[Short descriptive text snippets]

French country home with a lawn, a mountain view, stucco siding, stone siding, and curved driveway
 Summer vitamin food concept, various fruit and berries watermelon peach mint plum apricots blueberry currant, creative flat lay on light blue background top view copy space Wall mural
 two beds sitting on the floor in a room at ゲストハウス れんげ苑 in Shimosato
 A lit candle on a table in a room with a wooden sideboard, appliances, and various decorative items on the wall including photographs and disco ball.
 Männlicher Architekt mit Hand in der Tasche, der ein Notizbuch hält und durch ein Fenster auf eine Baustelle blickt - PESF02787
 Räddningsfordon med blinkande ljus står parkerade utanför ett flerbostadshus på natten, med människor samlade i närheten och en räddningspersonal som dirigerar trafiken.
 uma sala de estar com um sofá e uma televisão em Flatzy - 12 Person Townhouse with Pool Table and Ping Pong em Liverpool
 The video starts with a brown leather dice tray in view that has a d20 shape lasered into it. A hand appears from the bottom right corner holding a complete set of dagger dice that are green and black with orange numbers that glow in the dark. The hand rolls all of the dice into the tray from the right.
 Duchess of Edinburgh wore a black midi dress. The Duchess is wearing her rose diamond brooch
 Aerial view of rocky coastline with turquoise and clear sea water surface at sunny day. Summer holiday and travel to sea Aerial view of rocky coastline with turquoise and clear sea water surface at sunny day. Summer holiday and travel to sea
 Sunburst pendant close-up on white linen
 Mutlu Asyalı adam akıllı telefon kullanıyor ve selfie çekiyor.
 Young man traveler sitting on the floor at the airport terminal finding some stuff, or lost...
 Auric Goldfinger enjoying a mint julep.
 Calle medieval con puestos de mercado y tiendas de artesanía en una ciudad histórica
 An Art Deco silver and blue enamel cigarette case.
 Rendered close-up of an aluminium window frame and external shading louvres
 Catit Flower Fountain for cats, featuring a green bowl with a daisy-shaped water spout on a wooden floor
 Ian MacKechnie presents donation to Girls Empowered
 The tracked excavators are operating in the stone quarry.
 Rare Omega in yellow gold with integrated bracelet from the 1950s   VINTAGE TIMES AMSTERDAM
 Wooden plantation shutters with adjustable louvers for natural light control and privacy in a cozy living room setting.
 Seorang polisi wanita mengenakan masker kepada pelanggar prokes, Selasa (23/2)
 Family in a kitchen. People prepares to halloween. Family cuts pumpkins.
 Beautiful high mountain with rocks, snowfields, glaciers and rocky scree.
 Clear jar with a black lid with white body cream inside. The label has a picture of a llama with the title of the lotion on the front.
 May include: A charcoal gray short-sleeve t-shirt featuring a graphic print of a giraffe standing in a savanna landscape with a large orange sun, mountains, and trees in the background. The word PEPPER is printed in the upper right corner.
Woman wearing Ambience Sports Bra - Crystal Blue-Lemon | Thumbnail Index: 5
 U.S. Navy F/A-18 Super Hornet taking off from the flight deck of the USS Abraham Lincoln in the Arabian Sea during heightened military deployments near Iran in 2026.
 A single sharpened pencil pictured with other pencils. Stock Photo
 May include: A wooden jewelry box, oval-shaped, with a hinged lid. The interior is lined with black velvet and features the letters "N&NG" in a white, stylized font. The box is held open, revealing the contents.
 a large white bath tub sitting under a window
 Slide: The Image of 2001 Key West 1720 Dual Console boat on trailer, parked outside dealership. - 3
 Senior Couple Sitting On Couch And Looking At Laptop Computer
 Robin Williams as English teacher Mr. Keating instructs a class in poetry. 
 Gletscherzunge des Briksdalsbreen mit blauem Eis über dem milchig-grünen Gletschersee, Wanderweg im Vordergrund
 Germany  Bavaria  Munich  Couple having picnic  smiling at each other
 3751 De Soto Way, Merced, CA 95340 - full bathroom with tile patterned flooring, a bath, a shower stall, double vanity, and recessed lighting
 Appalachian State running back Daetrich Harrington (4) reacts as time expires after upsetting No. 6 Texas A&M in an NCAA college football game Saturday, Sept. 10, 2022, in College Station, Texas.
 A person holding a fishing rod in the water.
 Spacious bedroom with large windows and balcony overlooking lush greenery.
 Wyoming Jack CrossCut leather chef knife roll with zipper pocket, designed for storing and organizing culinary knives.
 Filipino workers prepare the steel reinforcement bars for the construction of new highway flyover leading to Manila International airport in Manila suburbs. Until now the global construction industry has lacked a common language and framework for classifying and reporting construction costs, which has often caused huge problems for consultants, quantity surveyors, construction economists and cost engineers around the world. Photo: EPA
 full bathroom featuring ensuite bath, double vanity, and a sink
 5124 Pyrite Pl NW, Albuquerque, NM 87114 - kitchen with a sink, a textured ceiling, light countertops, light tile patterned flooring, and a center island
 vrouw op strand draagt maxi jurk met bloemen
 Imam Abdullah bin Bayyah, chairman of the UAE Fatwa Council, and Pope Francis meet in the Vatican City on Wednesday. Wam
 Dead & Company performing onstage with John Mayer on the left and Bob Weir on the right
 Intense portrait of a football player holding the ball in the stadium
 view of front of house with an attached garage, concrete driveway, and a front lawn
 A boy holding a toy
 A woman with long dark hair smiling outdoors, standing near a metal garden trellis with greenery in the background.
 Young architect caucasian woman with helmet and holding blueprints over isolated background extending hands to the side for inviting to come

PROBLEM DESCRIPTION: All records above must be returned exactly as they appear.

PROBLEM SOLUTION:
French country home with a lawn, a mountain view, stucco siding, stone siding, and curved driveway
 Summer vitamin food concept, various fruit and berries watermelon peach mint plum apricots blueberry currant, creative flat lay on light blue background top view copy space Wall mural
 two beds sitting on the floor in a room at ゲストハウス れんげ苑 in Shimosato
 A lit candle on a table in a room with a wooden sideboard, appliances, and various decorative items on the wall including photographs and disco ball.
 Männlicher Architekt mit Hand in der Tasche, der ein Notizbuch hält und durch ein Fenster auf eine Baustelle blickt - PESF02787
 Räddningsfordon med blinkande ljus står parkerade utanför ett flerbostadshus på natten, med människor samlade i närheten och en räddningspersonal som dirigerar trafiken.
 uma sala de estar com um sofá e uma televisão em Flatzy - 12 Person Townhouse with Pool Table and Ping Pong em Liverpool
 The video starts with a brown leather dice tray in view that has a d20 shape lasered into it. A hand appears from the bottom right corner holding a complete set of dagger dice that are green and black with orange numbers that glow in the dark. The hand rolls all of the dice into the tray from the right.
 Duchess of Edinburgh wore a black midi dress. The Duchess is wearing her rose diamond brooch
 Aerial view of rocky coastline with turquoise and clear sea water surface at sunny day. Summer holiday and travel to sea Aerial view of rocky coastline with turquoise and clear sea water surface at sunny day. Summer holiday and travel to sea
 Sunburst pendant close-up on white linen
 Mutlu Asyalı adam akıllı telefon kullanıyor ve selfie çekiyor.
 Young man traveler sitting on the floor at the airport terminal finding some stuff, or lost...
 Auric Goldfinger enjoying a mint julep.
 Calle medieval con puestos de mercado y tiendas de artesanía en una ciudad histórica
 An Art Deco silver and blue enamel cigarette case.
 Rendered close-up of an aluminium window frame and external shading louvres
 Catit Flower Fountain for cats, featuring a green bowl with a daisy-shaped water spout on a wooden floor
 Ian MacKechnie presents donation to Girls Empowered
 The tracked excavators are operating in the stone quarry.
 Rare Omega in yellow gold with integrated bracelet from the 1950s   VINTAGE TIMES AMSTERDAM
 Wooden plantation shutters with adjustable louvers for natural light control and privacy in a cozy living room setting.
 Seorang polisi wanita mengenakan masker kepada pelanggar prokes, Selasa (23/2)
 Family in a kitchen. People prepares to halloween. Family cuts pumpkins.
 Beautiful high mountain with rocks, snowfields, glaciers and rocky scree.
 Clear jar with a black lid with white body cream inside. The label has a picture of a llama with the title of the lotion on the front.
 May include: A charcoal gray short-sleeve t-shirt featuring a graphic print of a giraffe standing in a savanna landscape with a large orange sun, mountains, and trees in the background. The word PEPPER is printed in the upper right corner.
Woman wearing Ambience Sports Bra - Crystal Blue-Lemon | Thumbnail Index: 5
 U.S. Navy F/A-18 Super Hornet taking off from the flight deck of the USS Abraham Lincoln in the Arabian Sea during heightened military deployments near Iran in 2026.
 A single sharpened pencil pictured with other pencils. Stock Photo
 May include: A wooden jewelry box, oval-shaped, with a hinged lid. The interior is lined with black velvet and features the letters "N&NG" in a white, stylized font. The box is held open, revealing the contents.
 a large white bath tub sitting under a window
 Slide: The Image of 2001 Key West 1720 Dual Console boat on trailer, parked outside dealership. - 3
 Senior Couple Sitting On Couch And Looking At Laptop Computer
 Robin Williams as English teacher Mr. Keating instructs a class in poetry. 
 Gletscherzunge des Briksdalsbreen mit blauem Eis über dem milchig-grünen Gletschersee, Wanderweg im Vordergrund
 Germany  Bavaria  Munich  Couple having picnic  smiling at each other
 3751 De Soto Way, Merced, CA 95340 - full bathroom with tile patterned flooring, a bath, a shower stall, double vanity, and recessed lighting
 Appalachian State running back Daetrich Harrington (4) reacts as time expires after upsetting No. 6 Texas A&M in an NCAA college football game Saturday, Sept. 10, 2022, in College Station, Texas.
 A person holding a fishing rod in the water.
 Spacious bedroom with large windows and balcony overlooking lush greenery.
 Wyoming Jack CrossCut leather chef knife roll with zipper pocket, designed for storing and organizing culinary knives.
 Filipino workers prepare the steel reinforcement bars for the construction of new highway flyover leading to Manila International airport in Manila suburbs. Until now the global construction industry has lacked a common language and framework for classifying and reporting construction costs, which has often caused huge problems for consultants, quantity surveyors, construction economists and cost engineers around the world. Photo: EPA
 full bathroom featuring ensuite bath, double vanity, and a sink
 5124 Pyrite Pl NW, Albuquerque, NM 87114 - kitchen with a sink, a textured ceiling, light countertops, light tile patterned flooring, and a center island
 vrouw op strand draagt maxi jurk met bloemen
 Imam Abdullah bin Bayyah, chairman of the UAE Fatwa Council, and Pope Francis meet in the Vatican City on Wednesday. Wam
 Dead & Company performing onstage with John Mayer on the left and Bob Weir on the right
 Intense portrait of a football player holding the ball in the stadium
 view of front of house with an attached garage, concrete driveway, and a front lawn
 A boy holding a toy
 A woman with long dark hair smiling outdoors, standing near a metal garden trellis with greenery in the background.
 Young architect caucasian woman with helmet and holding blueprints over isolated background extending hands to the side for inviting to come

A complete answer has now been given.